§ Assignment: Only the text belongs in the copy. Transcribe the data exactly and drop any pictures.

§ Data below:
------------------------------------

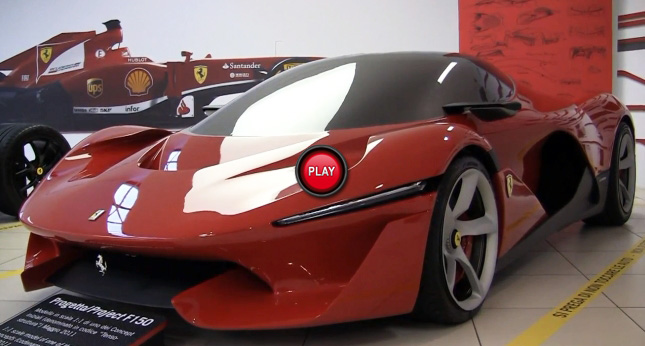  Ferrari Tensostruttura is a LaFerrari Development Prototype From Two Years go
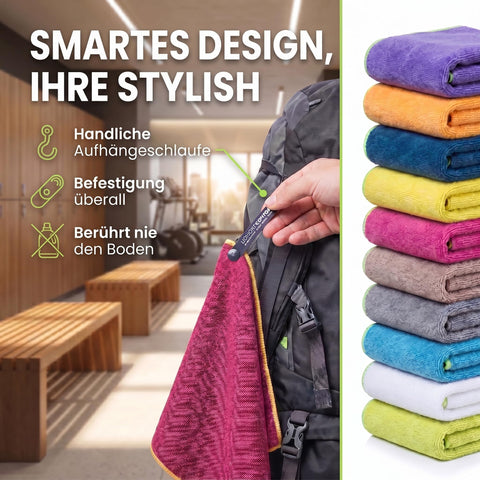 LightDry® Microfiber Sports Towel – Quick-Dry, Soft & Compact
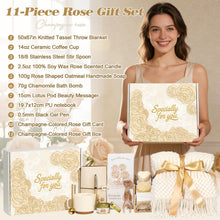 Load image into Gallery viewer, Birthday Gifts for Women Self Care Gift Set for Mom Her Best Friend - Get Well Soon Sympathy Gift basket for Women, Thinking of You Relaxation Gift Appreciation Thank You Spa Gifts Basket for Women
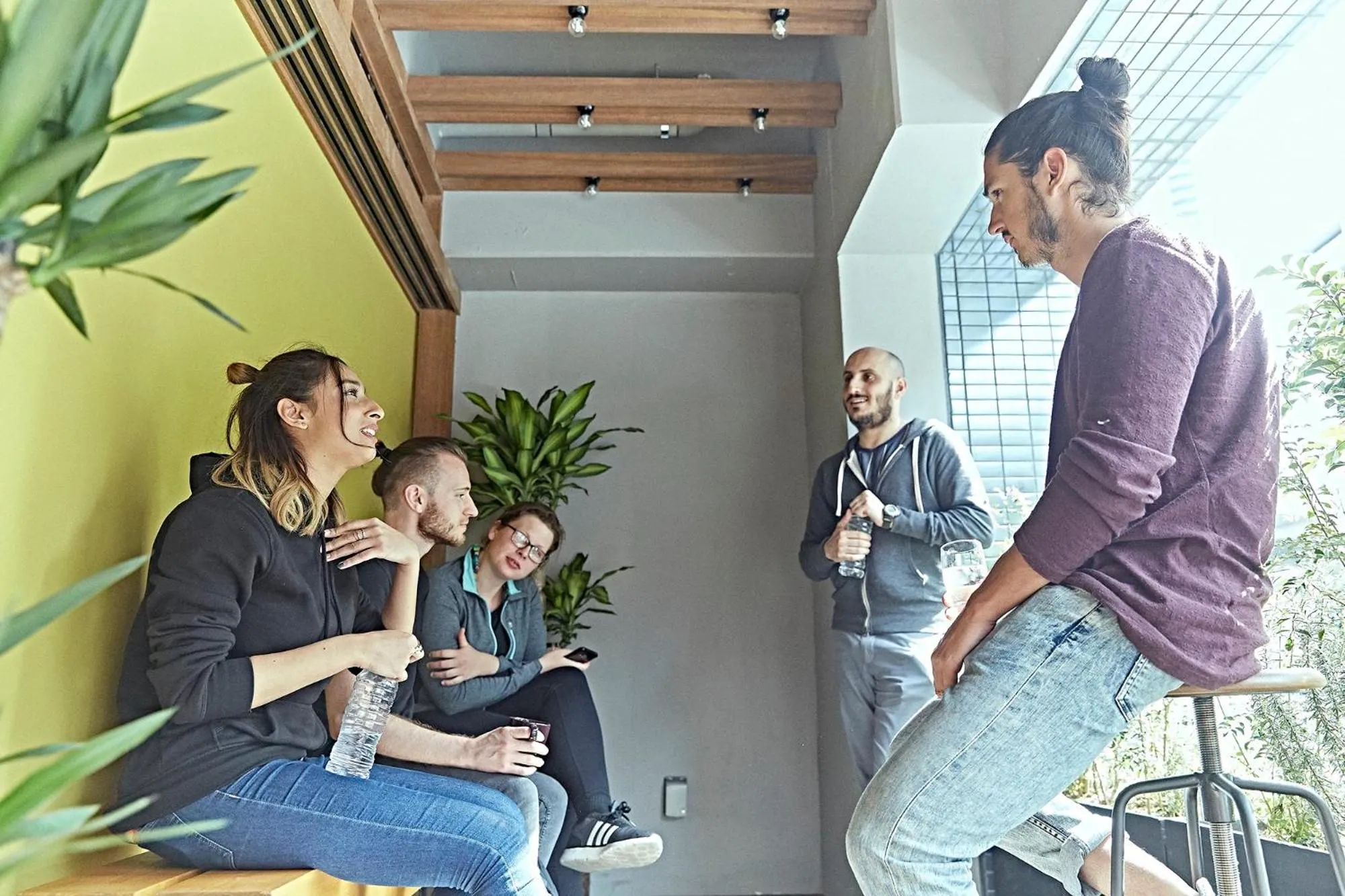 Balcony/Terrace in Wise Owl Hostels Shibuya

------------------------------------

§ Completed task:
  Ferrari Tensostruttura is a LaFerrari Development Prototype From Two Years go
 LightDry® Microfiber Sports Towel – Quick-Dry, Soft & Compact
 Load image into Gallery viewer, Birthday Gifts for Women Self Care Gift Set for Mom Her Best Friend - Get Well Soon Sympathy Gift basket for Women, Thinking of You Relaxation Gift Appreciation Thank You Spa Gifts Basket for Women
 Balcony/Terrace in Wise Owl Hostels Shibuya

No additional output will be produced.